RECORDED DATA:
==========

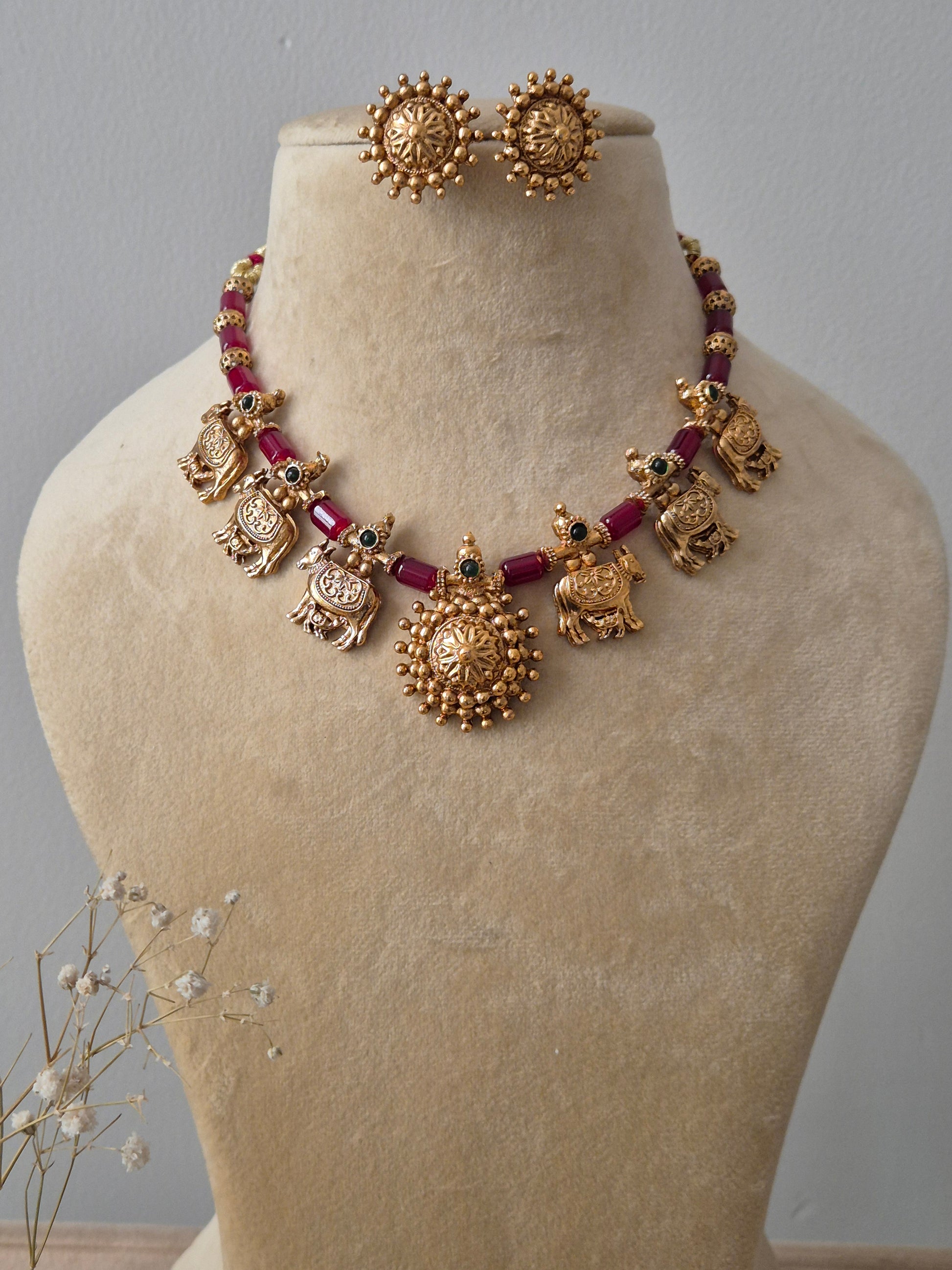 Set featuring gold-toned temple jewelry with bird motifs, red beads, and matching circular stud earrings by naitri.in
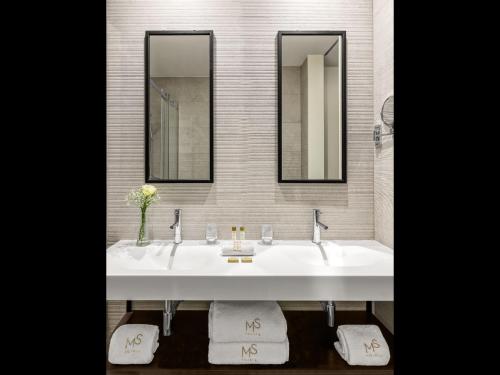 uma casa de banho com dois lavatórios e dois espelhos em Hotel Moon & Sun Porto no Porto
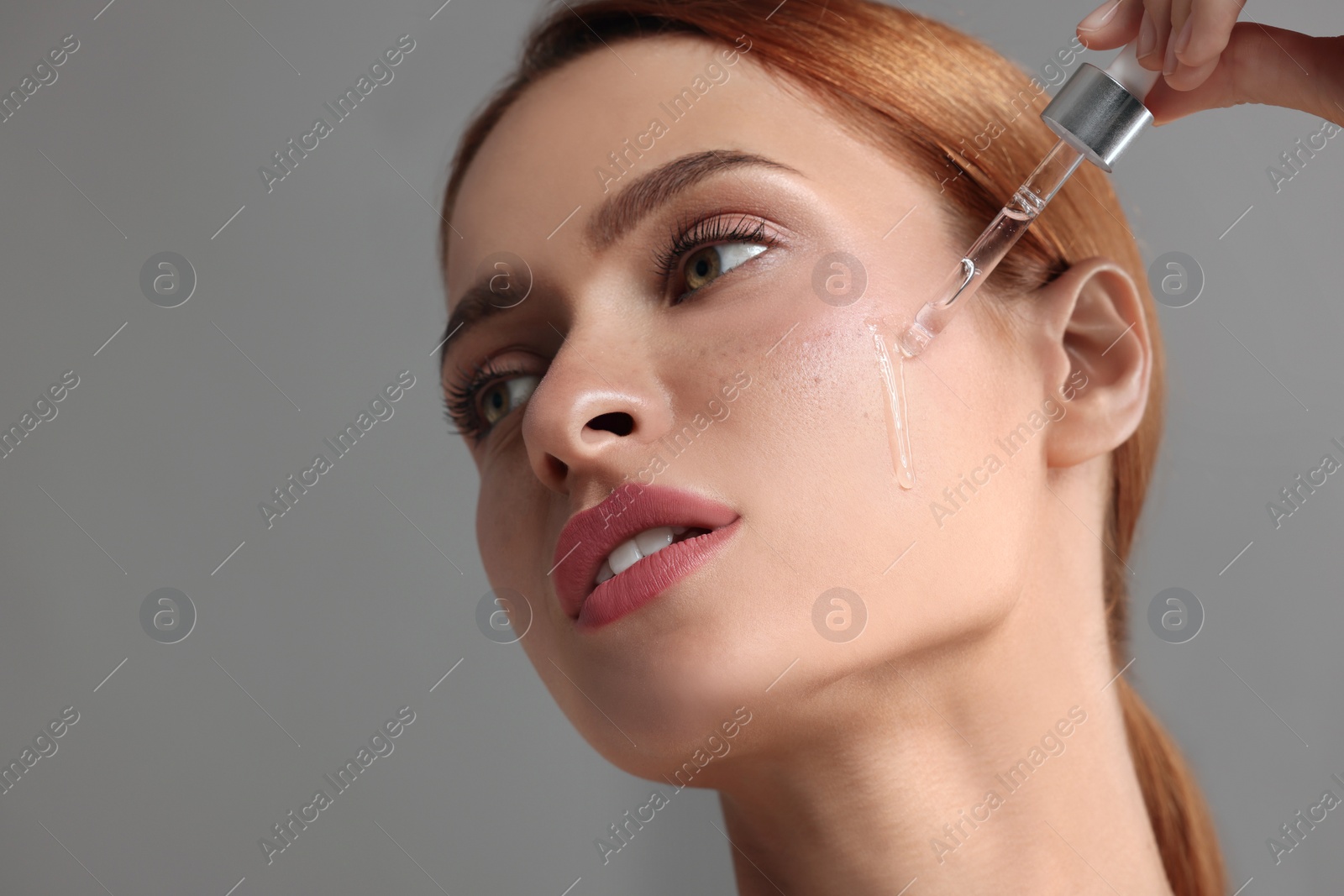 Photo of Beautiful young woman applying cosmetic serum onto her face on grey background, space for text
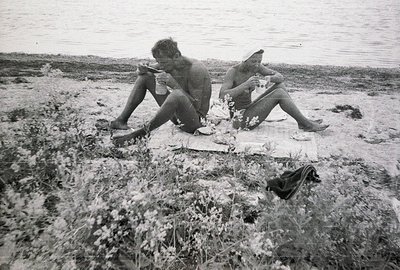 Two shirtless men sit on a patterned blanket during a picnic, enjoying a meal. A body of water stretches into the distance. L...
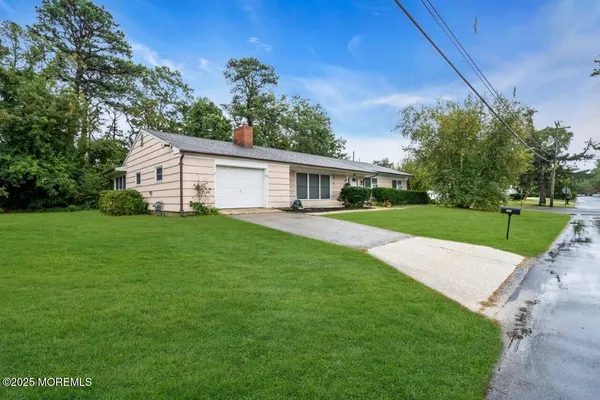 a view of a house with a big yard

==========

TASK STATEMENT: Omit the pictures, and please restate word for word the lines running from the line with "Photo of Beautiful" to the end of the entries.

TASK RESPONSE:
 Photo of Beautiful young woman applying cosmetic serum onto her face on grey background, space for text
 Two shirtless men sit on a patterned blanket during a picnic, enjoying a meal. A body of water stretches into the distance. L...
 a view of a house with a big yard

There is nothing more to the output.